::: DATASET CONTENT

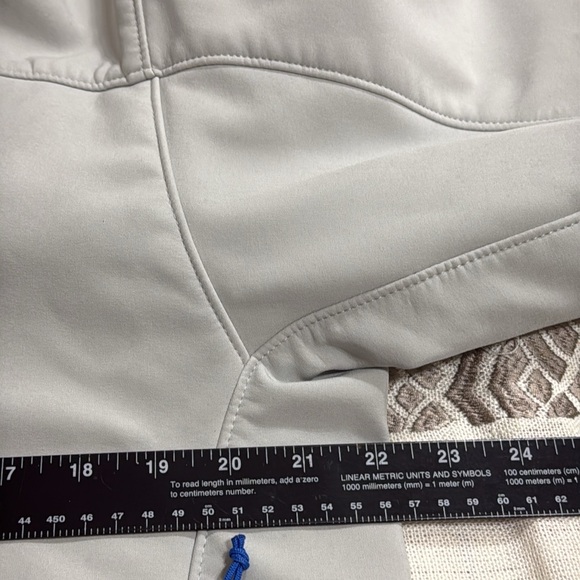 (P1) The North Face men's jacket in grey, with fleece lining, size M - Picture 10 of 16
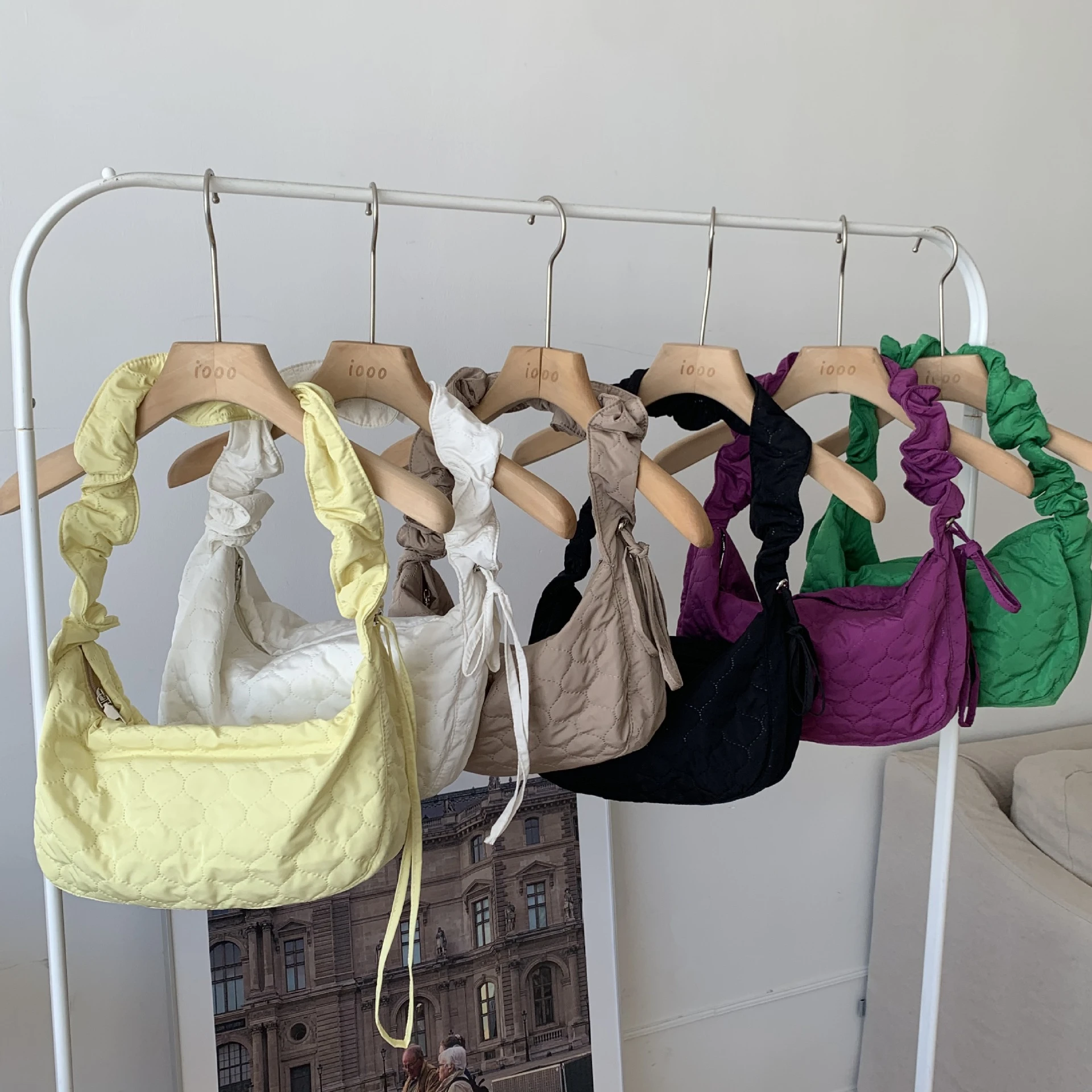 

Women Nylon Quilting Crossbody Hobo Bags Pleated Drawstring Shoulder Strap Messenger Bag Female Casual Travel Canvas School Bag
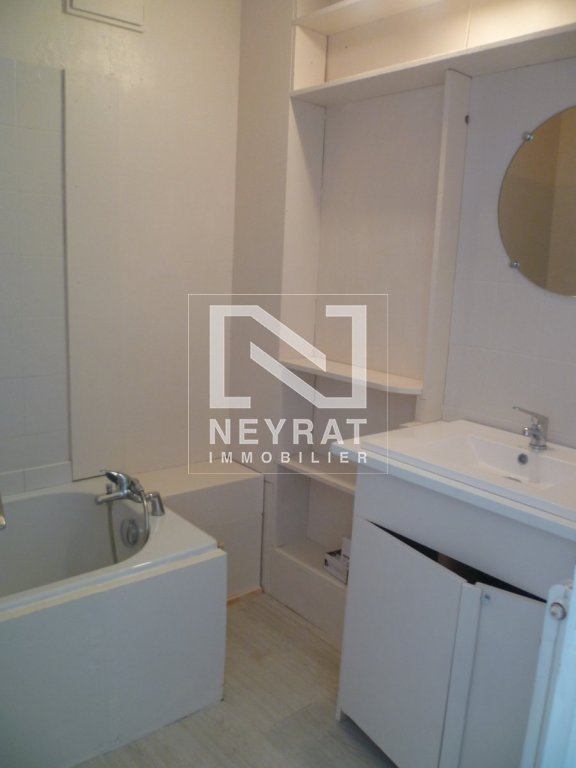 APPARTEMENT T5 A VENDRE - ST MARCEL - 89.82 m2 - 95 000 &euro;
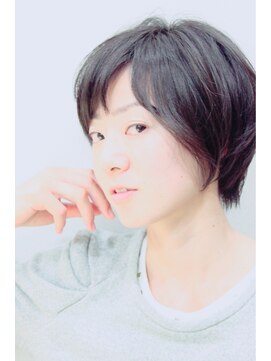 ハブ ヘアー(HUB hair) 大人女子のふんわり小顔ショート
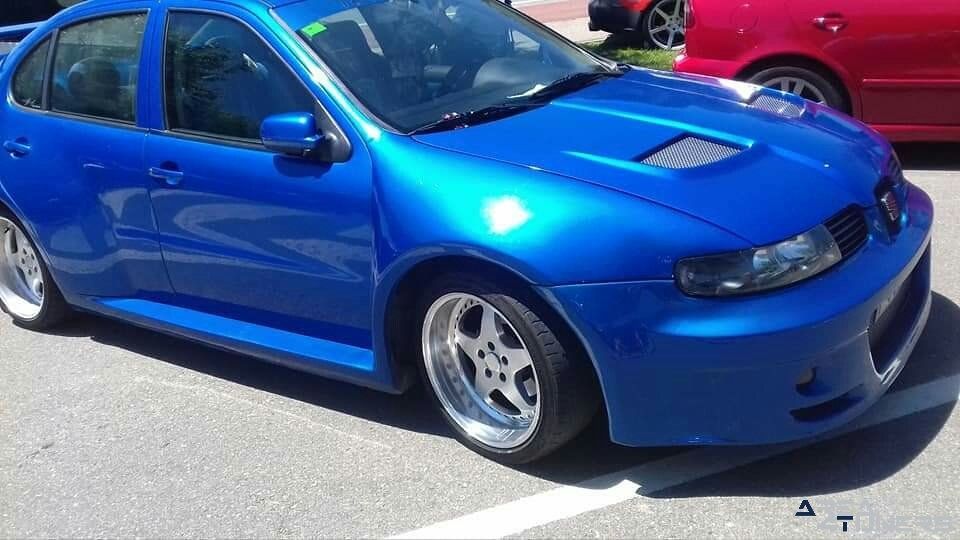 9º Spring Car Show Tuning Vag Classic Reus
Imagen del reportaje revista Tuning Area4tuners.es, concentración de coches Tuning del año 2019 en Reus, Tarragona, España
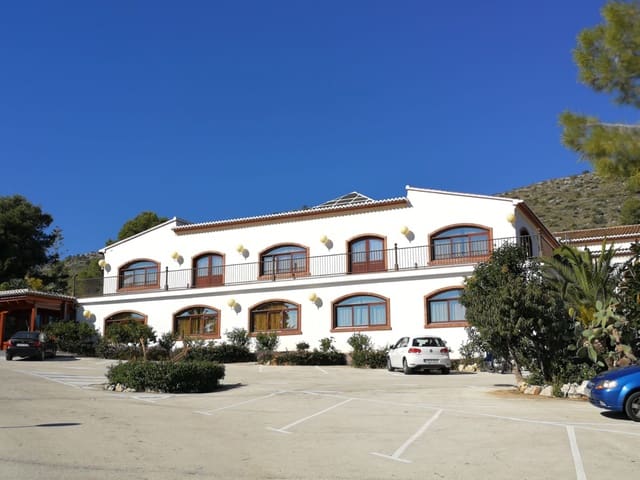 Kaupallinen myytävänä paikassa Moraira, Teulada-Moraira mukana 
autotalli - 2 500 000 € (Ref: 9105394)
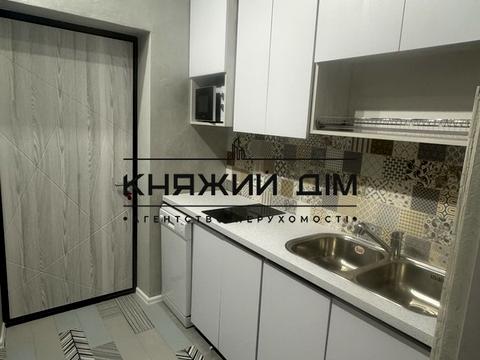 квартира за адресою Кирило-Мефодіївська вул., 2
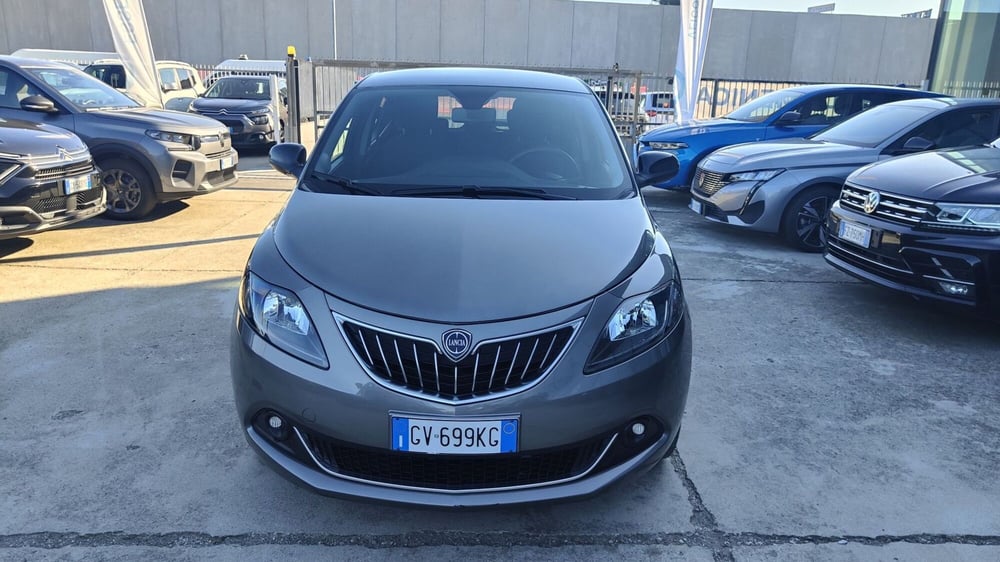 Lancia Ypsilon usata a Milano (2)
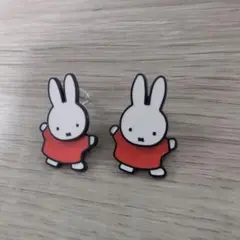 ミッフィー ピアス 両耳用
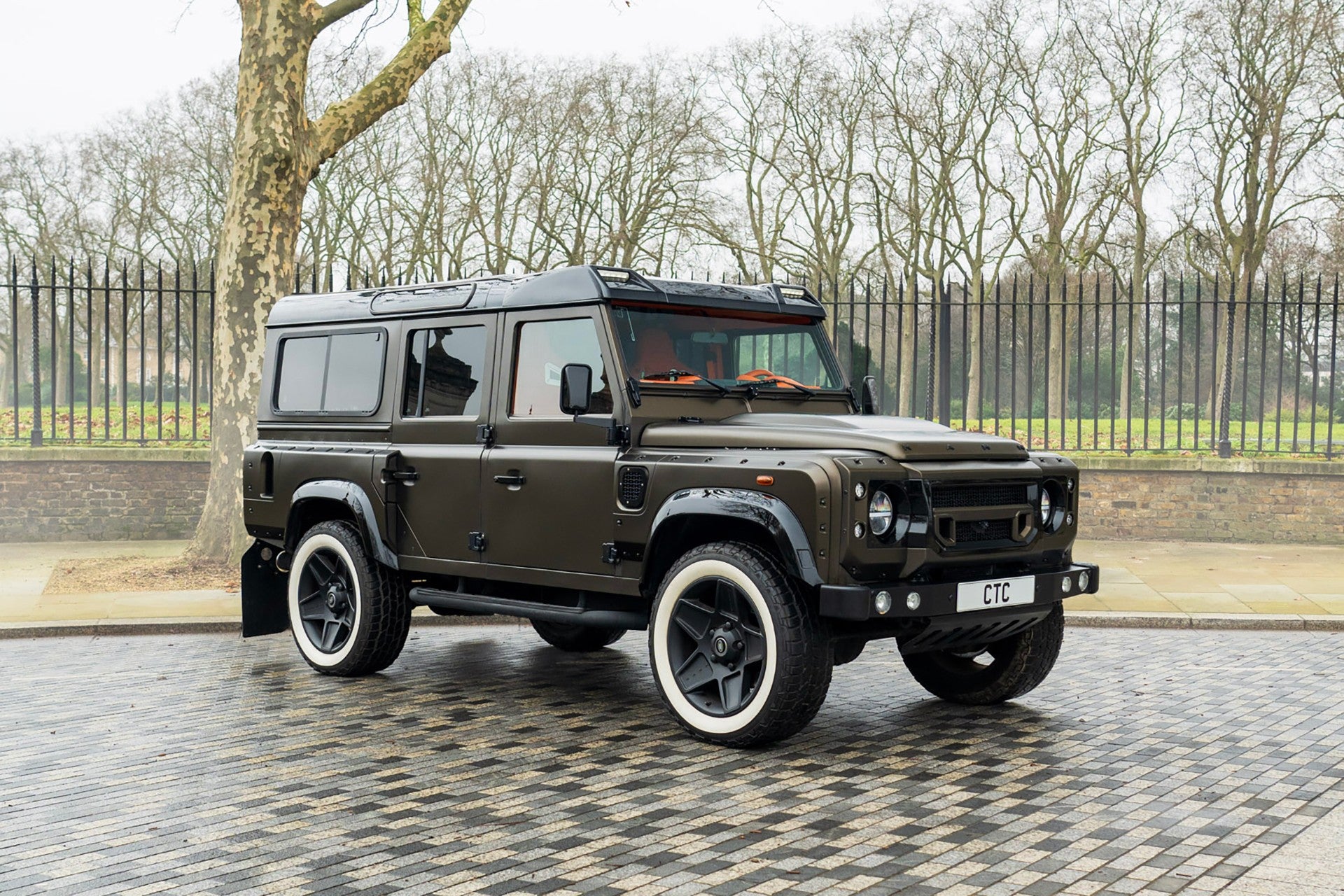 Land Rover Defender 100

::::::

## INSTRUCTIONS TO FOLLOW
Output the material above exactly, without pictures.

## EXERCISE OUTPUT
 (P1) The North Face men's jacket in grey, with fleece lining, size M - Picture 10 of 16

Women Nylon Quilting Crossbody Hobo Bags Pleated Drawstring Shoulder Strap Messenger Bag Female Casual Travel Canvas School Bag
 APPARTEMENT T5 A VENDRE - ST MARCEL - 89.82 m2 - 95 000 &euro;
 ハブ ヘアー(HUB hair) 大人女子のふんわり小顔ショート
 9º Spring Car Show Tuning Vag Classic Reus
Imagen del reportaje revista Tuning Area4tuners.es, concentración de coches Tuning del año 2019 en Reus, Tarragona, España
 Kaupallinen myytävänä paikassa Moraira, Teulada-Moraira mukana 
autotalli - 2 500 000 € (Ref: 9105394)
 квартира за адресою Кирило-Мефодіївська вул., 2
 Lancia Ypsilon usata a Milano (2)
 ミッフィー ピアス 両耳用
 Land Rover Defender 100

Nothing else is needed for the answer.